**Work required**
Return the data verbatim, without pictures.

**Collected material**

┌────────

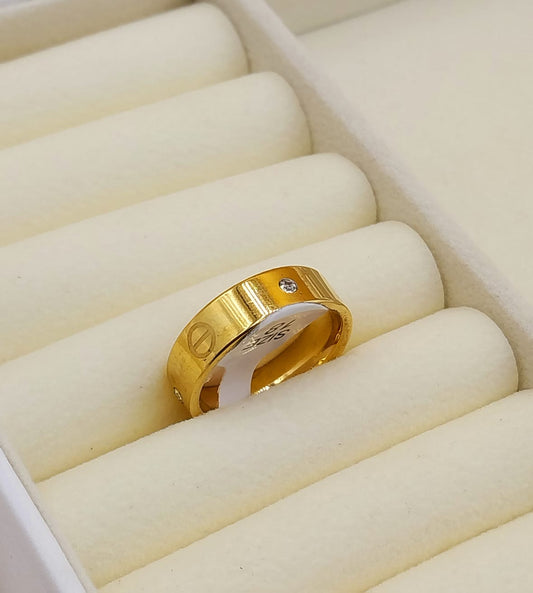 Classic Gold-Plated Stainless Steel Band Ring with Crystal Accents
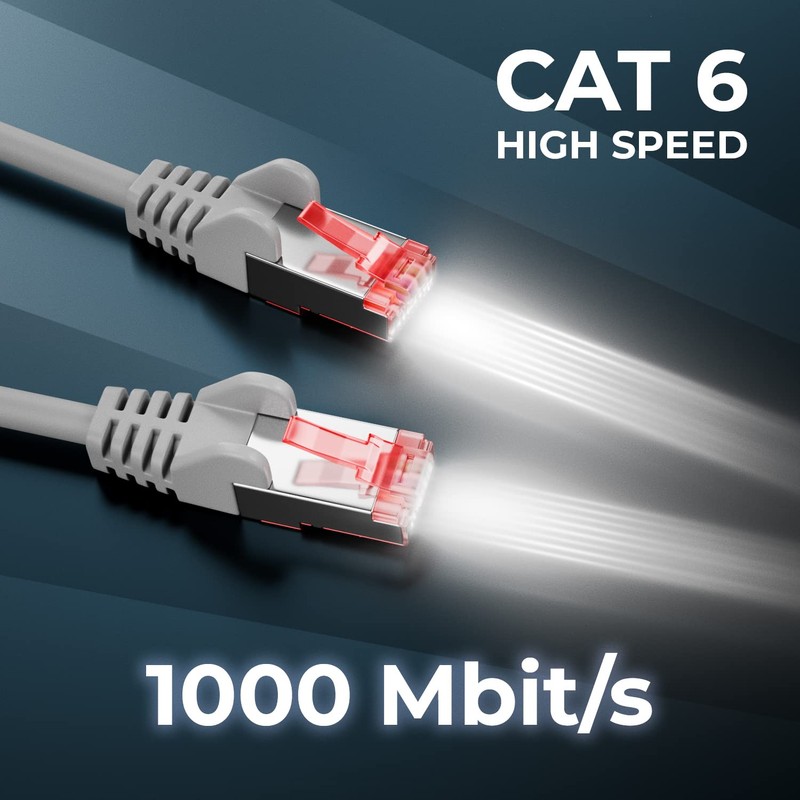 deleyCON 5x 1m CAT6 Patchkabel S/FTP PIMF Schirmung CAT-6 RJ45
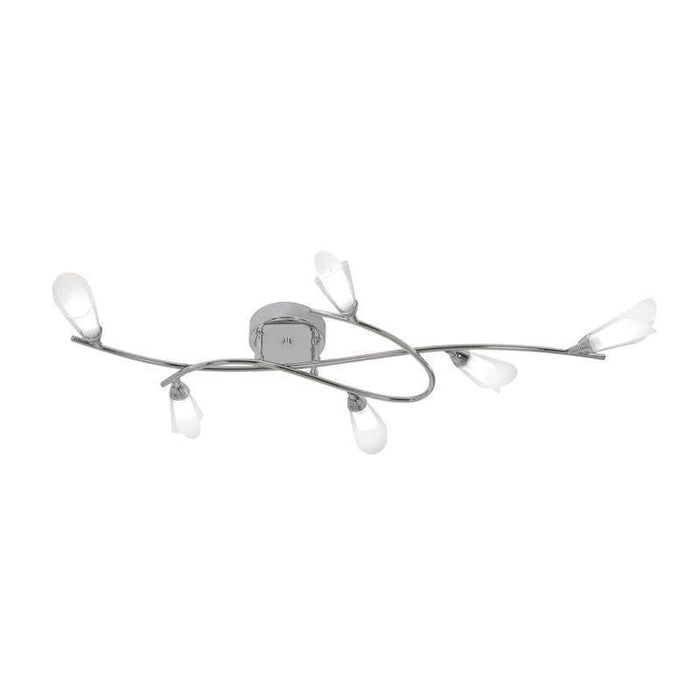 Traditional Flush & Semi Flush Ceiling Lights - Sare 6 Light Chrome Flush Ceiling Light 5012/6 CH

└────────

**Solution**
 Classic Gold-Plated Stainless Steel Band Ring with Crystal Accents
 deleyCON 5x 1m CAT6 Patchkabel S/FTP PIMF Schirmung CAT-6 RJ45
 Traditional Flush & Semi Flush Ceiling Lights - Sare 6 Light Chrome Flush Ceiling Light 5012/6 CH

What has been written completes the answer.